Iran seeking to return all Achaemenid tablets from US

The deputy head of the Cultural Heritage, Handicrafts and Tourism Organization announced that the permission to return 1,780 tablets from the University of Chicago’s Oriental Institute to Iran has been issued.

Mohammad Hassan Talebian said at a meeting that was held to commemorate the World Museum Day and the Cultural Heritage Week, 'with the help of other institutions, we are seeking permission to return all the tablets of the Achaemenid period'. 

Talebian added, 'The US Supreme Court ordered the return of the tablets, but the Treasury Department did not allow the return of all the tablets.' 

The official noted that Iran has objected to this decision and intends to reinstate all the tablets.

The 300 tablets, made of clay and impressed in cuneiform, record administrative details of the Persian heartland from about 500 B.C. They are among a group of tens of thousands of tablets and tablet fragments that were loaned to the University's Oriental Institute in 1937 to be studied. A group of 179 complete tablets was returned in 1948, and another group of more than 37,000 tablet fragments was returned in 1951.
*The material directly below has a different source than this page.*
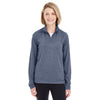 UltraClub Women's Navy Heather Cool & Dry Heathered Performance Quarter-Zip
The tablets have been difficult to read because information about the Persian Empire had been largely limited to non-Persian sources. That non-Persian information came from Greek writers such as Herodotus and Latin authors, and mostly concerns encounters between the Persian Empire and Greek states, encounters of warfare, and diplomacy. Information from the tablets provided one of the first opportunities to gather data on the empire from Persian sources.
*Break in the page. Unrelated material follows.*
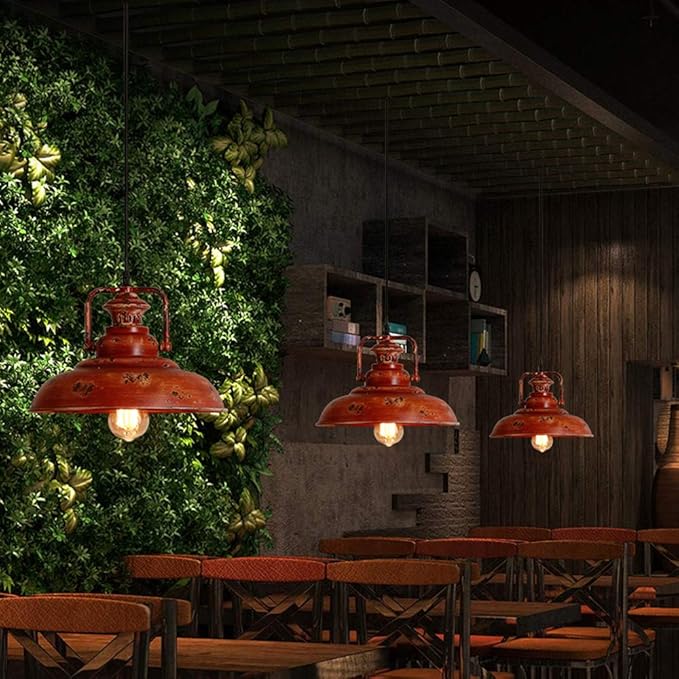 NIUYAO Vintage Pendant Light Retro Red Rust Finish Industrial Barn Suspension Single Light Metal Chandeliers Indoor Decoration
University of Chicago archaeologists discovered the tablets in 1933 while excavating in Persepolis, the capital of the Persian Empire and the site of a major Oriental Institute excavation. 

The institute has resumed work in collaboration with colleagues in Iran, and the return of the tablets is part of a broadening of contacts between scholars in the two countries, said Gil Stein, Director of the Oriental Institute.